| Work to complete |
An exact reprint of the data below is required, line for line.
────────────────────────────────────────
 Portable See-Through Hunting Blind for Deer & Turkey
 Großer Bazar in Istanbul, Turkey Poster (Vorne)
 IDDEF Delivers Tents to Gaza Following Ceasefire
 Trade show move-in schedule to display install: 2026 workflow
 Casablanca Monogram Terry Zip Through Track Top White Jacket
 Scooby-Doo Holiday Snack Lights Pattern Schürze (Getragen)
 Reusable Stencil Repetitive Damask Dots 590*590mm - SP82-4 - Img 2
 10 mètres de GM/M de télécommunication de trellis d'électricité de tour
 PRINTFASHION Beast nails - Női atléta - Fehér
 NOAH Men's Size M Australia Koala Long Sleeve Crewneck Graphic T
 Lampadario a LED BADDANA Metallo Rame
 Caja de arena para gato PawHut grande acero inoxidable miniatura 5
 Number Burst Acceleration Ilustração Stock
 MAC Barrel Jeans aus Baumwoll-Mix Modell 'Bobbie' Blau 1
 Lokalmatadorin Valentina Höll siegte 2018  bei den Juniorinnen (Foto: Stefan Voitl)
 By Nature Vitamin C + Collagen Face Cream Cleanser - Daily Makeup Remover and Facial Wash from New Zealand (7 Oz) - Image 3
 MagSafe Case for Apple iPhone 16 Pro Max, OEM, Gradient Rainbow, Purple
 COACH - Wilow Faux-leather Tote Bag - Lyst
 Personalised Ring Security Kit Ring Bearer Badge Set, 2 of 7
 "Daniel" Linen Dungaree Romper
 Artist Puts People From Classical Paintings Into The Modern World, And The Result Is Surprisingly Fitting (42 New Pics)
────────────────────────────────────────
| Written answer |
 Portable See-Through Hunting Blind for Deer & Turkey
 Großer Bazar in Istanbul, Turkey Poster (Vorne)
 IDDEF Delivers Tents to Gaza Following Ceasefire
 Trade show move-in schedule to display install: 2026 workflow
 Casablanca Monogram Terry Zip Through Track Top White Jacket
 Scooby-Doo Holiday Snack Lights Pattern Schürze (Getragen)
 Reusable Stencil Repetitive Damask Dots 590*590mm - SP82-4 - Img 2
 10 mètres de GM/M de télécommunication de trellis d'électricité de tour
 PRINTFASHION Beast nails - Női atléta - Fehér
 NOAH Men's Size M Australia Koala Long Sleeve Crewneck Graphic T
 Lampadario a LED BADDANA Metallo Rame
 Caja de arena para gato PawHut grande acero inoxidable miniatura 5
 Number Burst Acceleration Ilustração Stock
 MAC Barrel Jeans aus Baumwoll-Mix Modell 'Bobbie' Blau 1
 Lokalmatadorin Valentina Höll siegte 2018  bei den Juniorinnen (Foto: Stefan Voitl)
 By Nature Vitamin C + Collagen Face Cream Cleanser - Daily Makeup Remover and Facial Wash from New Zealand (7 Oz) - Image 3
 MagSafe Case for Apple iPhone 16 Pro Max, OEM, Gradient Rainbow, Purple
 COACH - Wilow Faux-leather Tote Bag - Lyst
 Personalised Ring Security Kit Ring Bearer Badge Set, 2 of 7
 "Daniel" Linen Dungaree Romper
 Artist Puts People From Classical Paintings Into The Modern World, And The Result Is Surprisingly Fitting (42 New Pics)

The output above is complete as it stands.